4. Using 14.00 for every temperature without thought. If temperature changes, Kw changes, and pH + pOH may not equal exactly 14.00.
5. Ignoring units and logarithms. pOH and pH are logarithmic quantities and must be handled carefully.

How concentration affects the pH

For weak base salts such as sodium hexanoate, higher concentration generally means a somewhat higher pH, but the relationship is not linear. The hydroxide concentration scales approximately with the square root of concentration:

[OH-] ≈ √(KbC)

That means if you quadruple the concentration, hydroxide roughly doubles, not quadruples. This is why pH changes more slowly than many learners expect. For example, dropping the concentration by a factor of 100 does not reduce the pH by 100-fold. Instead, it changes the logarithm of the hydroxide concentration, which moves the pH more moderately.

Practical interpretation of a pH near 9

A pH of about 8.99 indicates a mildly basic solution. This is nowhere near the caustic strength of a strong base like sodium hydroxide, but it is clearly basic enough to matter in analytical methods, extraction chemistry, and buffer-related calculations. Solutions in this range can affect indicator color, extraction efficiency, and the protonation state of weak acids.

When a more advanced model is needed

The standard classroom solution assumes ideal dilute behavior, full salt dissociation, negligible water autoionization compared with hydrolysis, and a single equilibrium. In real laboratory systems, several complications can matter:

• Activity coefficients become important at higher ionic strength.
• Temperature changes alter both pKa and Kw.
• Mixed solvents can dramatically shift acid-base behavior.
• Impurities or dissolved carbon dioxide can perturb measured pH.
• Very dilute solutions may require a stricter treatment of water autoionization.

For ordinary coursework and most standard aqueous exercises, though, the weak-base hydrolysis model is the correct and expected approach.

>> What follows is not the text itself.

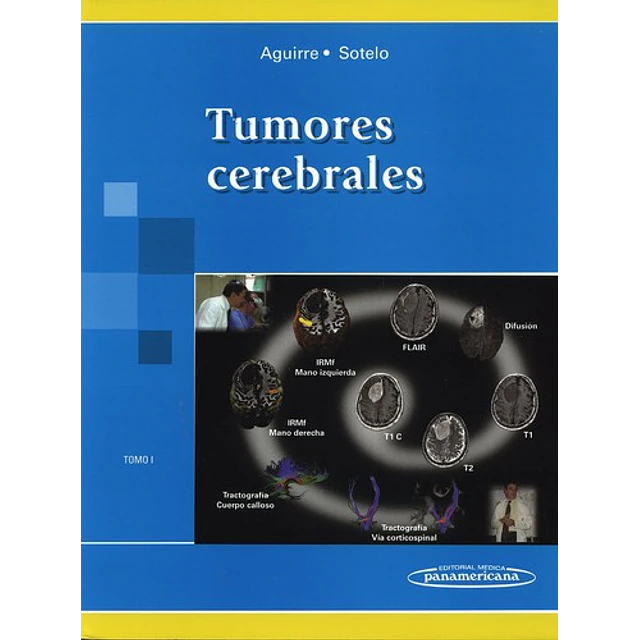 Tumores Cerebrales - Tomo 1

Recommended reference sources

If you want deeper background on pH, acid-base constants, and laboratory standards, these authoritative references are useful:

• NIST pH standards and measurement guidance
• U.S. EPA overview of pH and aqueous chemistry significance
• University of Washington chemistry resources and instructional materials

Final answer

Using a concentration of 0.137 M sodium hexanoate and a typical pKa of 4.85 for hexanoic acid at 25°C, the calculated solution pH is:

pH ≈ 8.99

The path to that answer is straightforward: identify hexanoate as a weak base, convert pKa to Ka, convert Ka to Kb, solve for hydroxide concentration, then calculate pOH and pH. If you use the calculator above, you can also explore how the result changes with different assumed pKa values or temperatures.